As payments providers shore up their security, using tokenization on top of biometrics on top of encryption, will there be a need for merchants to manage fraud on a per-transaction basis?

If not, then companies like Riskified will need to adapt.

"Payment technologies like Bitcoin and Apple Pay, they are very secure," said Eido Gal, co-founder and CEO of Riskified, an Israeli machine-learning fraud detection software provider. "These unique offerings will continue to gain traction."

The card networks envision Apple Pay as a catalyst for their own tokenization efforts, and have vowed to apply the same security to other emerging payment systems, such as the MasterPass digital wallet. Biometric authentication is getting a boost both from Apple's TouchID and the new FIDO Alliance standards. And the point of sale is enabling more secure payments through the addition of EMV-chip card readers.

But even given all that is happening in online, mobile and in-store payments, the financial services industry is still very much in the early stages of improving its security, warned Julie Conroy, a senior analyst at Aite Group.

Because there is so much data floating around already, "even if tokenization were to become ubiquitous tomorrow, you still have account takeover risk," Conroy said. "There are so many vectors bad guys can come at you from."

And financial and payments data is a huge business for fraudsters; they're not just going to walk away from it, she said.

One way that third-party fraud management vendors can eliminate the need for merchants to do per-transaction risk assessments is to take over the process and provide a guarantee, Conroy said. Riskified, Klarna and Trustwave offer guarantees for their services, typically on the condition that clients turn over some degree of control over their risk management process to the vendor.

Machine-learning fraud detection software analyzes activity in real-time and makes decisions based on a number of factors, including device fingerprinting, behavioral analytics and biometrics.

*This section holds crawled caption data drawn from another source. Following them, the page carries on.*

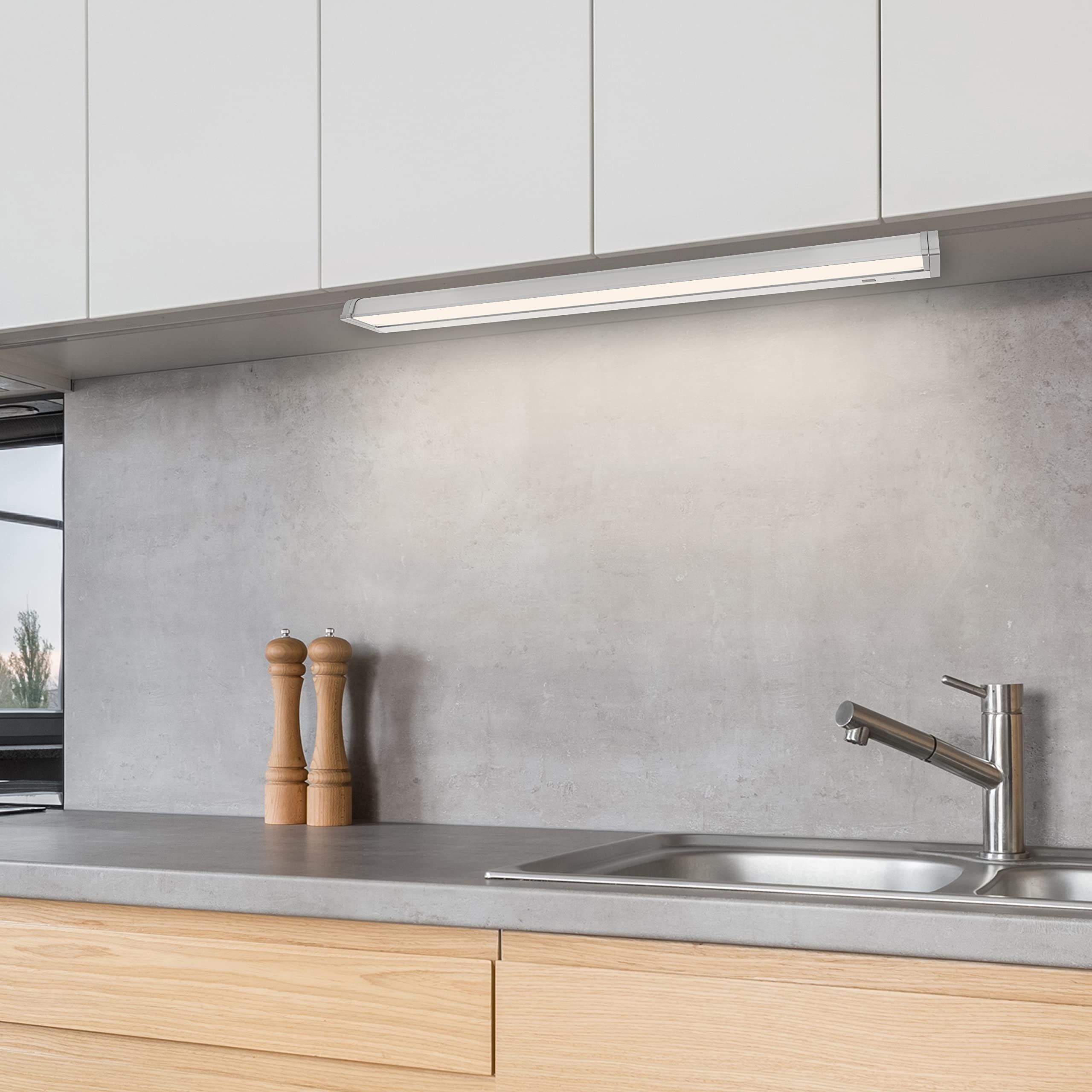 REV TERRA Unterbauleuchte Küche LED - 12W, 900lm, IR-Sensor, 58cm, silber | LED Küchenunterbauleuchte | 25.000h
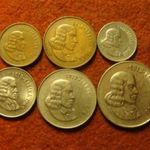 Dél-Afrika Suid-Africa sor 6 féle érme egyben 1965-66 fotó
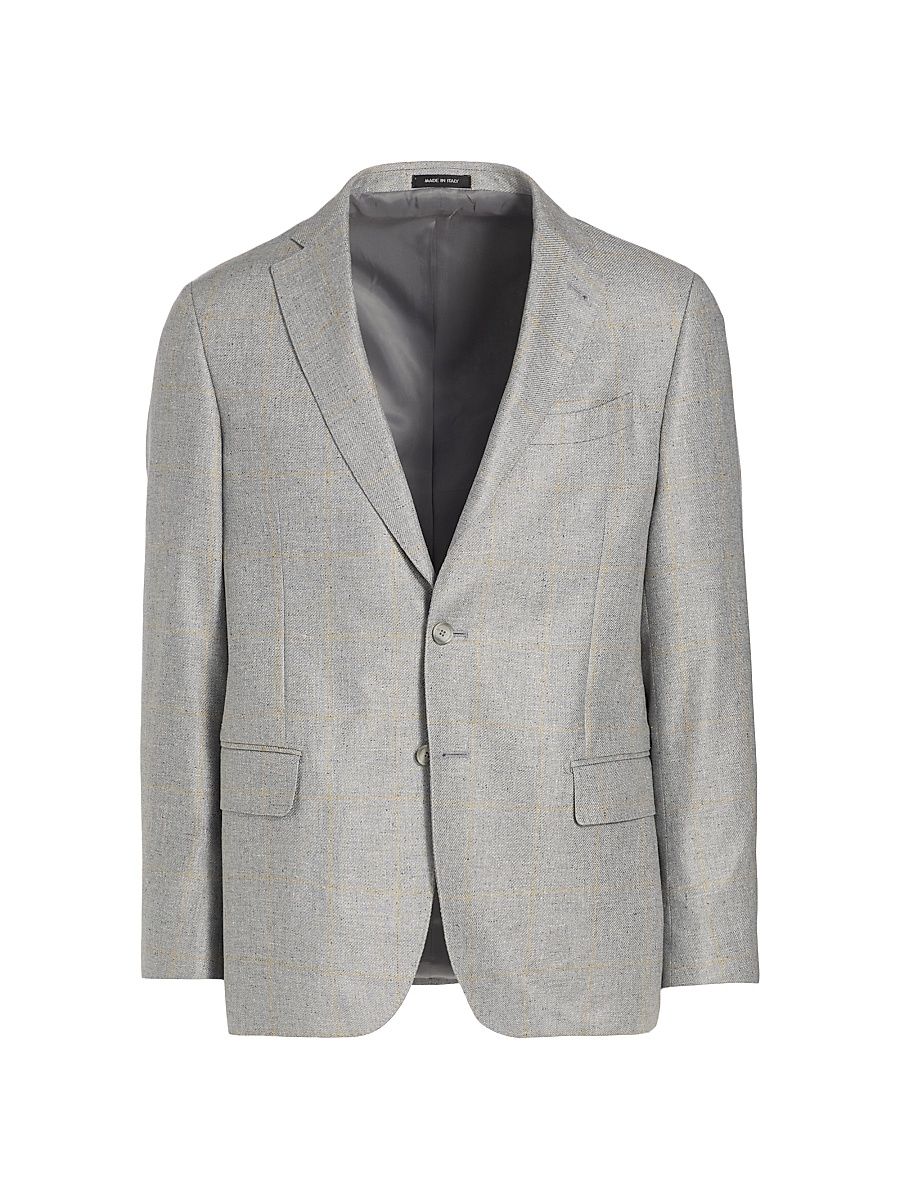 Men's COLLECTION Grid Wool Two-Button Sport Coat - Mirage Gray - Size 44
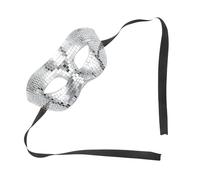 POPETPOP Disco Mask Silver Half Face Mirrored Glitter Face Cover for Adults Party Carnival Dj Club Birthday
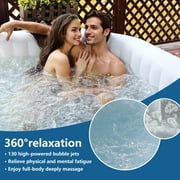 4-6 Person Outdoor Portable Inflatable Heated Hot Tub with 130 Bubble Jets, Square Inflatable Heated Pool Spa with Insulated Cover, Insulated Cover and Carry Bag, Blue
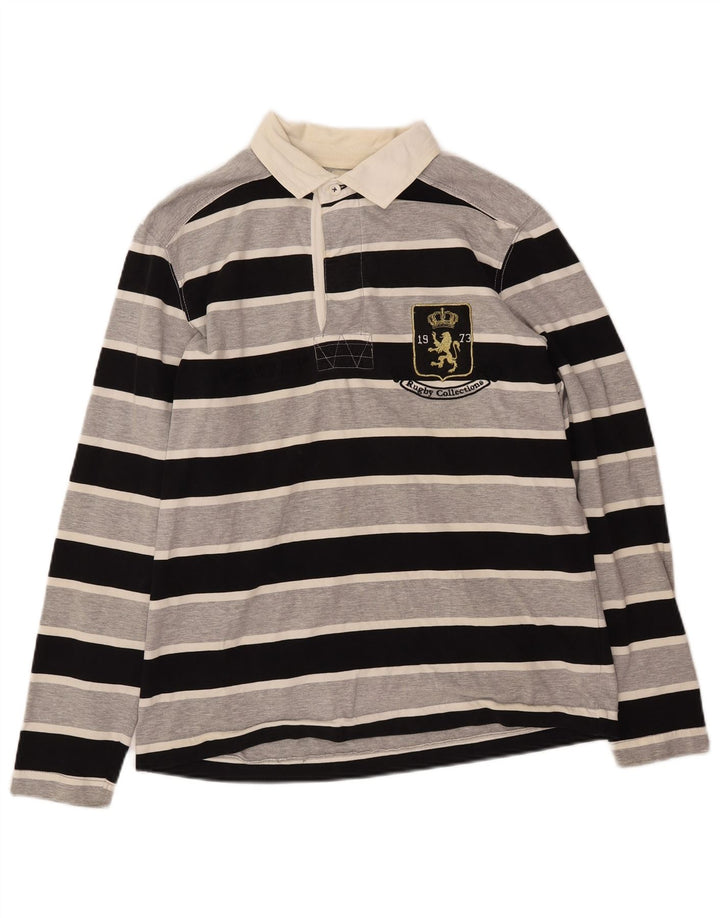 LOTTO muška ragbi polo majica dugih rukava s grafičkim motivima srednje crne pruge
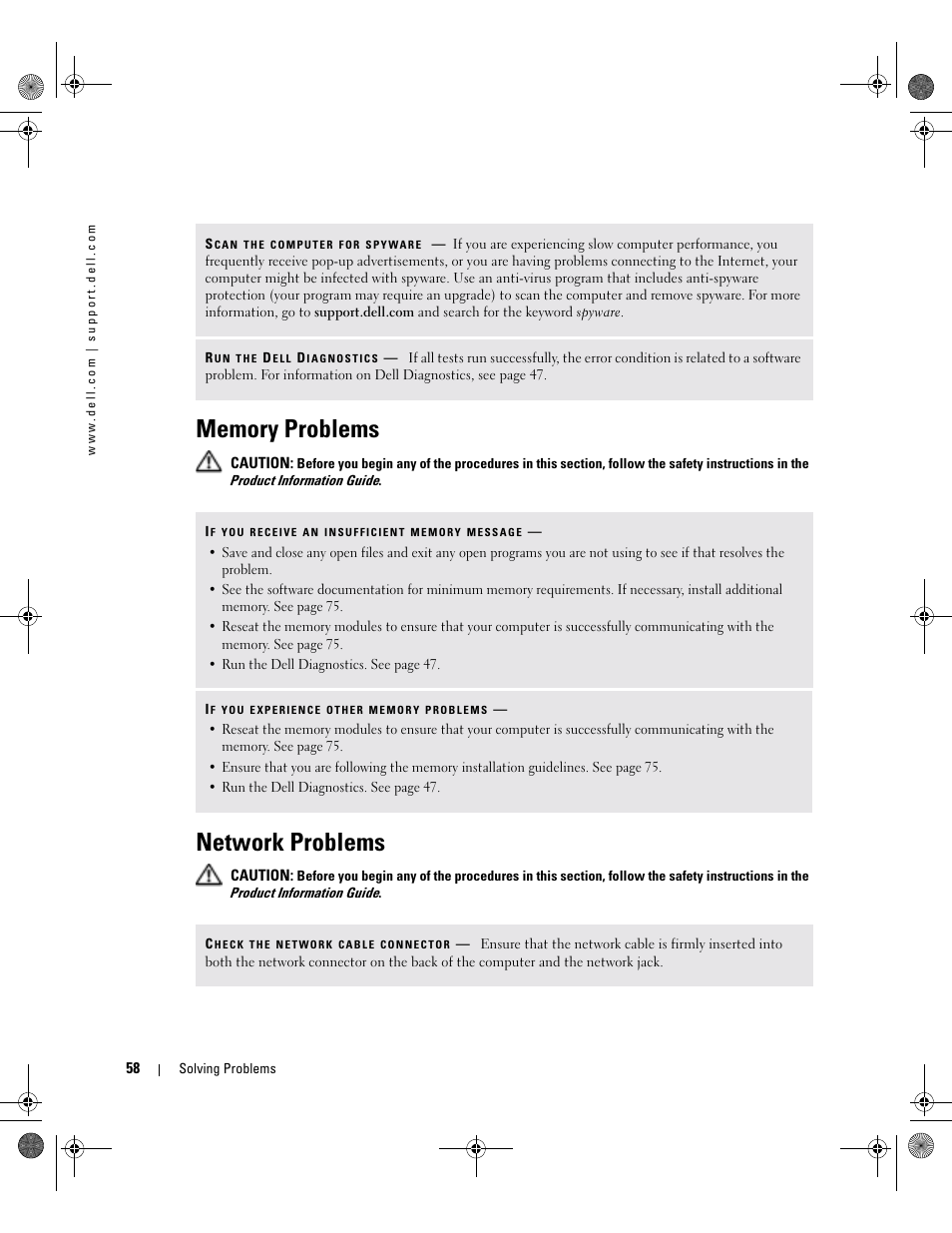 Memory problems, Network problems | Dell Inspiron 9200 User Manual | Page 58 / 122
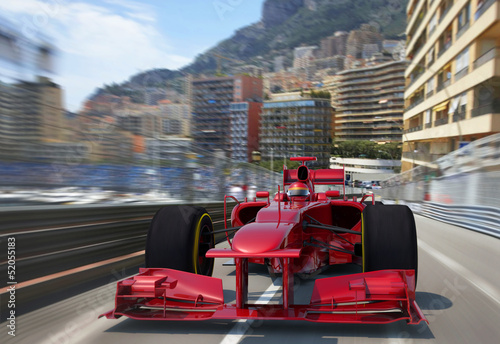 Illustration: red f1 racing monaco red f1 racing monaco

Machine-learning has become a popular way to analyze transactions, but some merchants still want the control a rules-based fraud system elicits.

Industry experts worry about smaller merchants in the U.S. that have less advanced security systems, particularly as the country migrates to EMV.

But ironically, Gal said, "The enterprise guys have the most outdated technology currently…probably because of the time it takes to deploy."

With the huge advancements in security technology in recent years, it's easier for small- to medium-sized businesses to adopt these systems, he said.

Most of Riskified's 2,000 merchant clients are based in the U.S., including Burton Snowboards, Leica Camera and

Historically, fraud detection providers would calculate a risk score for transactions and allow the merchant to make its own decision about whether to approve or deny the sale. The idea that merchants shouldn't make their own risk decision is a recurring theme among third-party fraud management platforms today.

"Because the merchant isn't an expert, they'd usually take a more conservative approach and throw a few legit transactions under the bus," said Liron Damri, chief operating officer at Forter, another Israeli fraud prevention platform.

Merchants today look at risk as part of a more holistic view of the company's operations, said Gal.

"Once there was someone in charge of marketing, someone in charge of payments, someone for risk and someone for fulfillment…and companies didn't look at the picture together," he said. "But to understand bottlenecks you need to look at them together."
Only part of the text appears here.